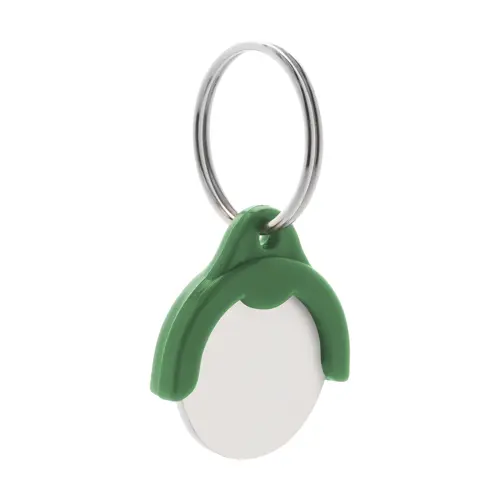Portachiavi in plastica con gettone personalizzabile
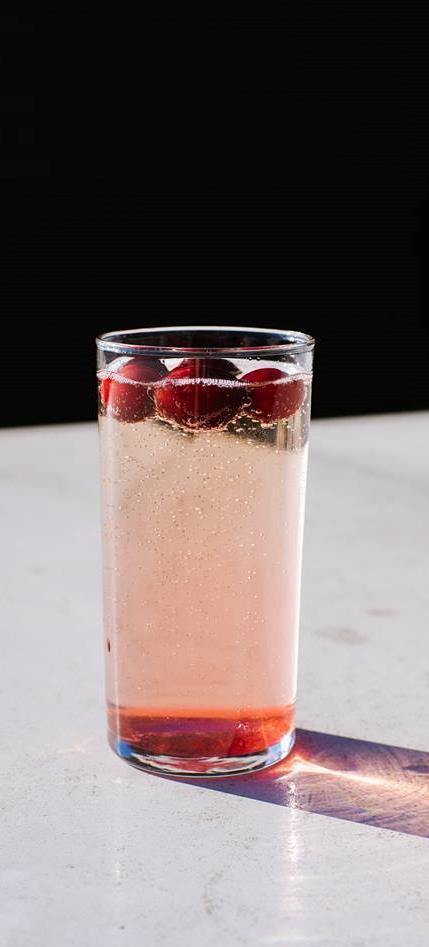 P U B L I C G R E E N S Cranberry Bubbles Cocktail Features Champagne and cranberries.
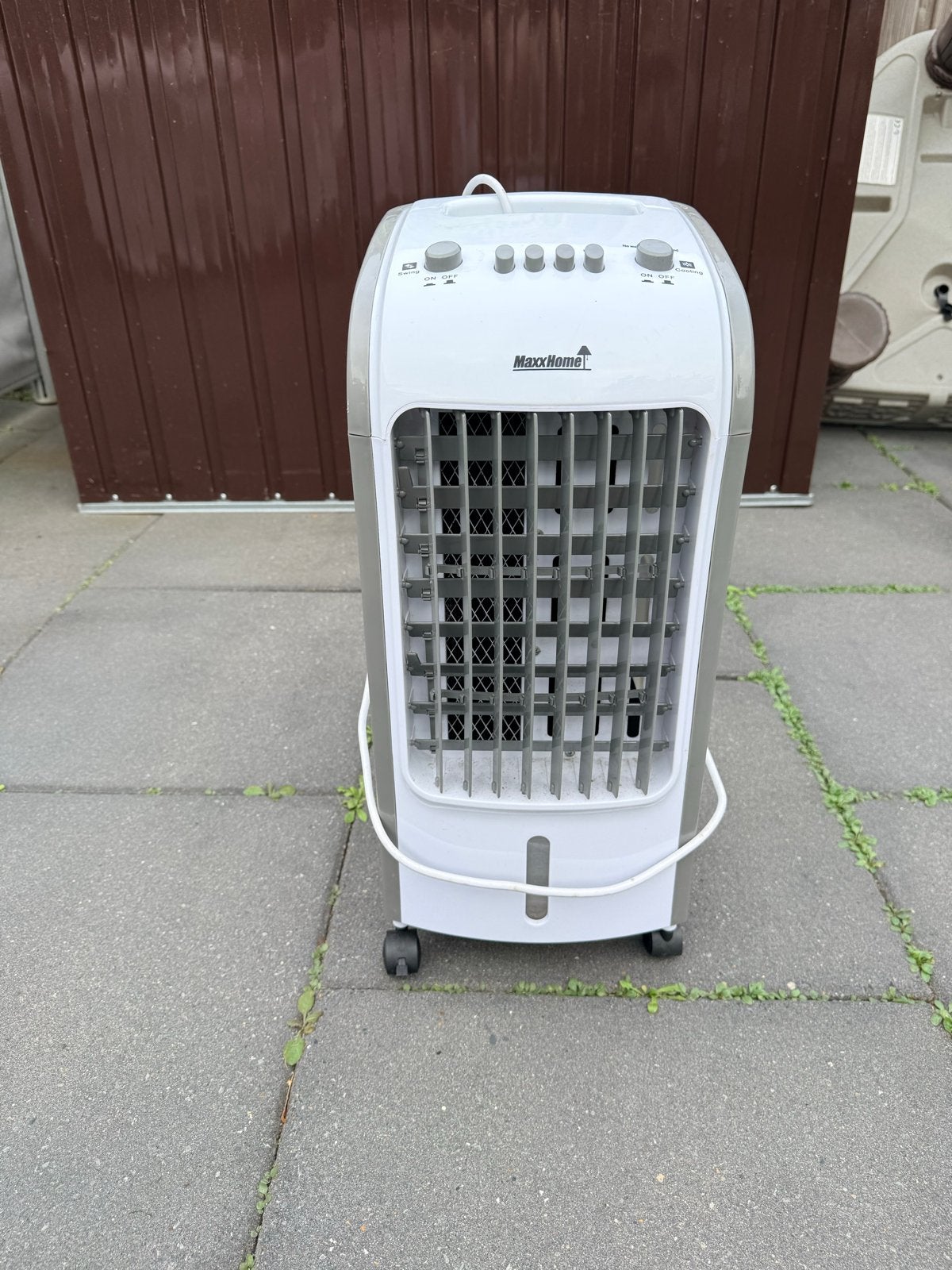 MaxxHome Mobiele Airco/Luchtkoeler met 3 Snelheden, Witgoed en Apparatuur, Ophalen, Gebruikt, Minder dan 60 m³, 3 snelheden of meer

◆ ◆ ◆ ◆ ◆

§ Aim of the exercise
Repeat the listing word for word. Leave images out.

§ Your response
Portachiavi in plastica con gettone personalizzabile
 P U B L I C G R E E N S Cranberry Bubbles Cocktail Features Champagne and cranberries.
 MaxxHome Mobiele Airco/Luchtkoeler met 3 Snelheden, Witgoed en Apparatuur, Ophalen, Gebruikt, Minder dan 60 m³, 3 snelheden of meer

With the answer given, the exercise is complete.